A deal between the British government and the country’s biggest banks on pay and business lending, known as Project Merlin, is expected to be announced around midday London time, said two people familiar with the discussions.
The agreement between the banks and Chancellor of the Exchequer George Osborne will be announced around prime minister’s question time today, one of the people said. Questions to Prime Minister David Cameron in the House of Commons start at midday.
Lloyds Banking Group Plc, Barclays Plc, HSBC Holdings Plc, Royal Bank of Scotland Group Plc and Banco Santander U.K. are expected to agree to make loans of about 190 billion pounds ($306 billion) this year to companies with fewer than 250 employees, said the people, who declined to be identified because the talks are confidential. Bonus restraint will also be included in the document.
The deal follows 10 weeks of talks between government and lenders, and comes a day after Osborne told the banks they would have to pay an additional 800 million pounds in tax by April.
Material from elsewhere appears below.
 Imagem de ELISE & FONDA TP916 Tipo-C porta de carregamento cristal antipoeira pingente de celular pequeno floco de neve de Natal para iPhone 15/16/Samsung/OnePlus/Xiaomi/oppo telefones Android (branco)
That announcement angered the banks, who hadn’t been informed of the decision before it was made, a person familiar with the banks’ position said yesterday.
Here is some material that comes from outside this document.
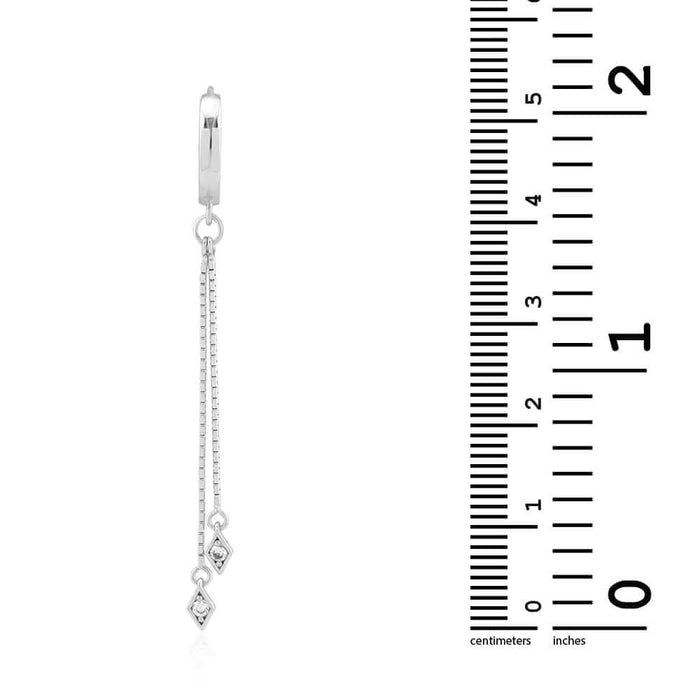 14K White Gold CZ Box Chain Huggie Hoop Earrings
“The government has not got as much as they hoped from the banks and the levy increase is one way of suggesting they are tough,” Tim Bale, professor of politics at Sussex University, said in a telephone interview. “It’s a pretty transparent way of doing it.”
Four of the banks will also agree to disclose the remuneration details of the five most senior employees below board level, though not their names, one of the people said.
Sky News reported the announcement earlier today.